09 Feb Five Data Myths
Every one of us works with Data all the time – our own data. Because it’s our own, we know it well, and it’s usually easy for us to manage. We fill in forms, we answer questions over the telephone, we use the web to order stuff, and to make enquiries. Even tasks as time consuming as reviewing financial statements or tax returns are manageable, because the data is ours and we understand it.
It becomes more complex when we have to work with other people’s data – typically in our workplace. This is much more challenging. We don’t always understand other people’s data. The volume of data high. We can’t ask questions about it, because we can’t ask the people who created it (or changed it).

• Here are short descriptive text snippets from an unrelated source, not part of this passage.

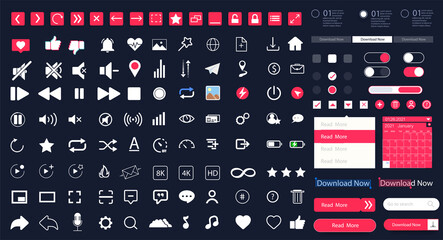 Poster - icon set ui, ux kit for mobile applications and websites. universal user interface template with res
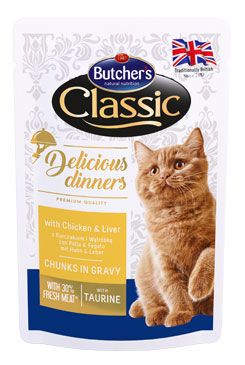 Butcher’s Cat Class.Delic.Dinn. kuře+játra kapsa100g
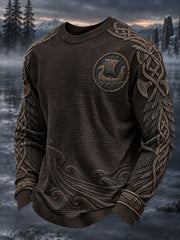Herren-Viking-Print-Waffel-Longsleeve-T-Shirt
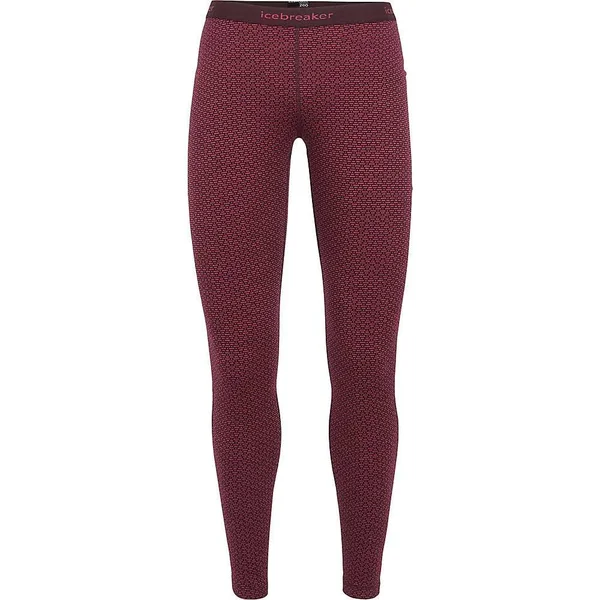 Icebreaker Women's 250 Vertex Legging - XL - Mountain Dash Jacquard Prism, Velvet
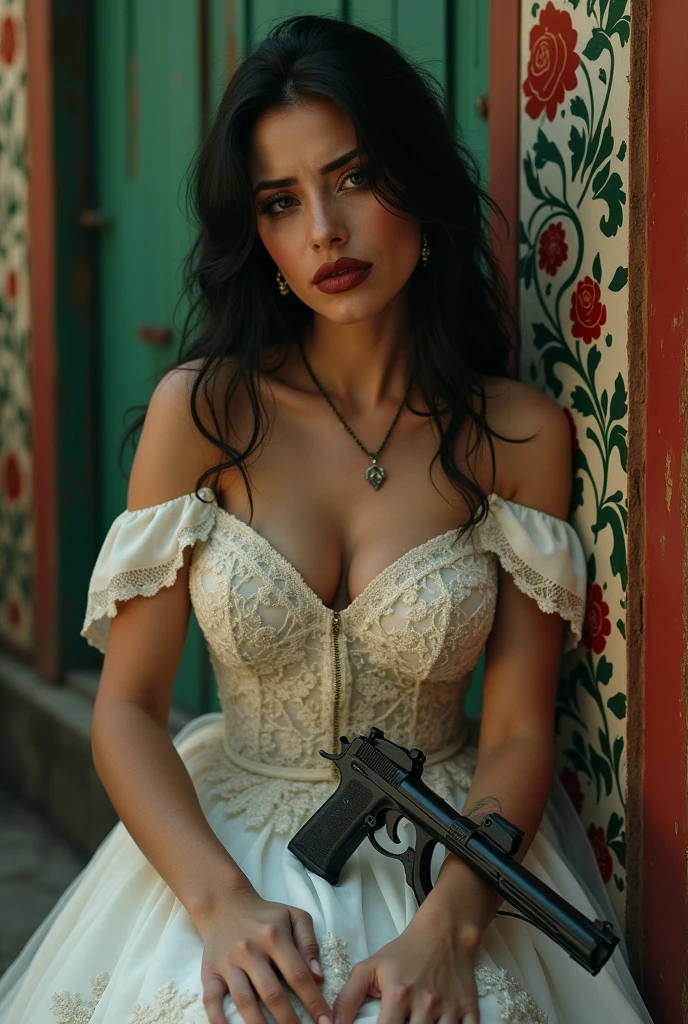 Mexican Chola, thin eyebrows, pouty lips with dark lip liner crying in a Mexican style wedding dress with a gun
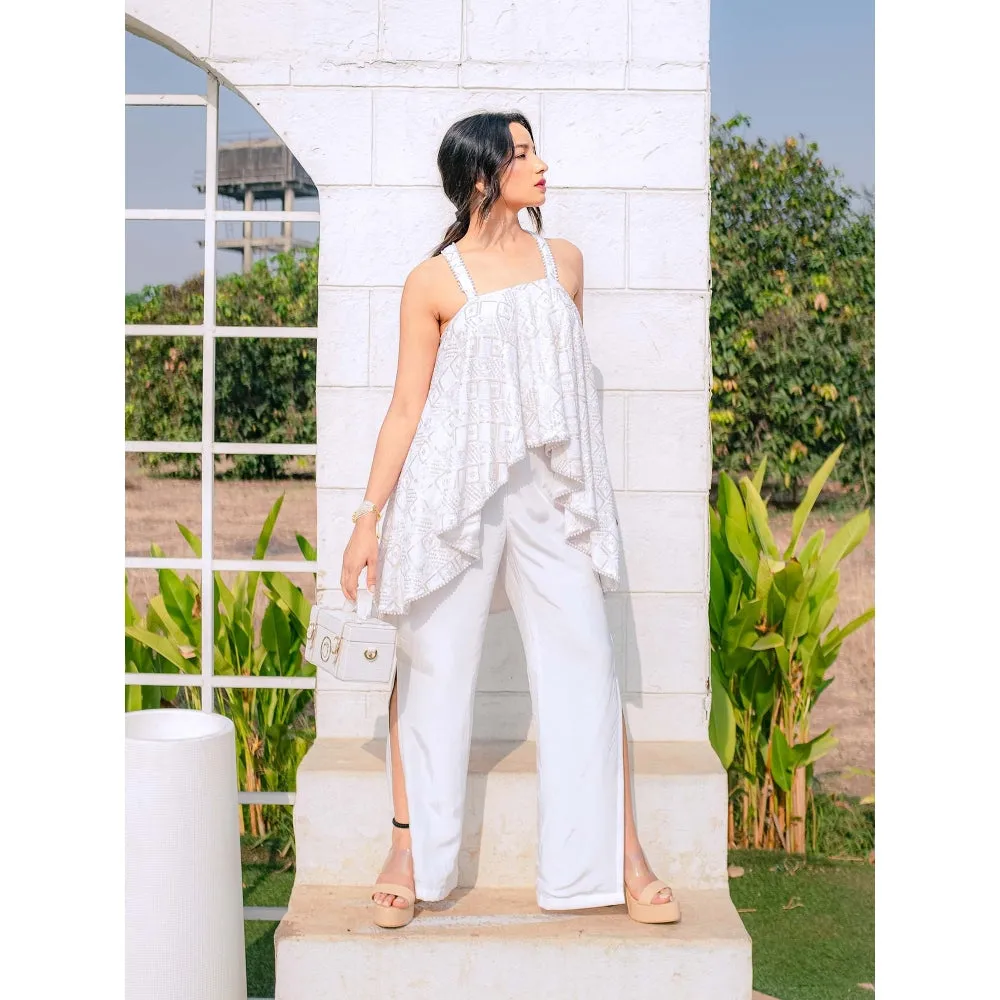 MONK & MEI Asin Chikankari High Low Top & Slit Pants (Set of 2)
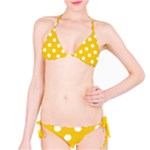 Polka Dots - White on Deep Lemon Yellow Bikini Set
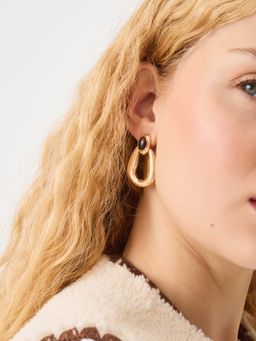 Accessorize London - Brown Resin Stone Doorknocker Earrings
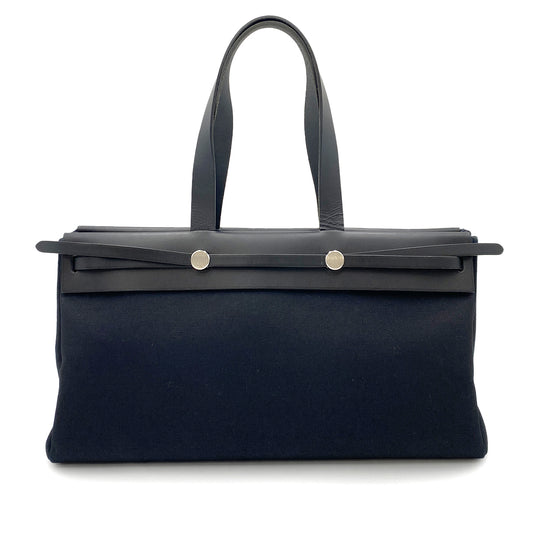 HERMES HER BAG CABAS GM BLACK TOILE OFFICIER VACHE HUNTER TOTE □G 90264508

Seed Analytics are specialists at working with data. It’s our job, and data is all we do. So we have a lot of experience with data, and we are called upon daily to help less experienced people be effective and successful when they need to work with data.

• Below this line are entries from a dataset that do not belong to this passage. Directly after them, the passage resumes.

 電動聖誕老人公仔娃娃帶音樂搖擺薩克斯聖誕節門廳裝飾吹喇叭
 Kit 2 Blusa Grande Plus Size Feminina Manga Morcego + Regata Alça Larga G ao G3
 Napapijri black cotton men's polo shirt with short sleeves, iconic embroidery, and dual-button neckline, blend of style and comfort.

What I will discuss here are five common ideas we see in our work that are actually not correct – we might call them myths. On the face of it, these ideas make sense, and so they are commonly accepted. But we know from our years of delivery that you have to look deeper to see the truth.
Myth 1: Tools will solve our data problems
So many of us who work with data have a background in Information Technology. So when we think of solving problem, our thoughts naturally turn to an IT solution. This is why spreadsheets are so widespread in the enterprise – people see them as the solution to every problem. We look for software, apps, platforms, appliances, and suites of tools to deliver the fix to whatever problem is put in front of us. We have a hammer, and we see nails everywhere…
Then there are the Vendors who have invested a whole chunk of time, resources and money to building products, who tell us that their product is The One True Way ™ to Data Heaven ©. If only it were that easy!
You can migrate data using MS-Excel, or you can use a million-dollar custom-built proprietary tool – and you can end up with the same result. Whatever outcome you get, it’s going to largely depend on the discipline and repeatability of the process you use. The tool helps, but it doesn’t solve the entire data problem by itself.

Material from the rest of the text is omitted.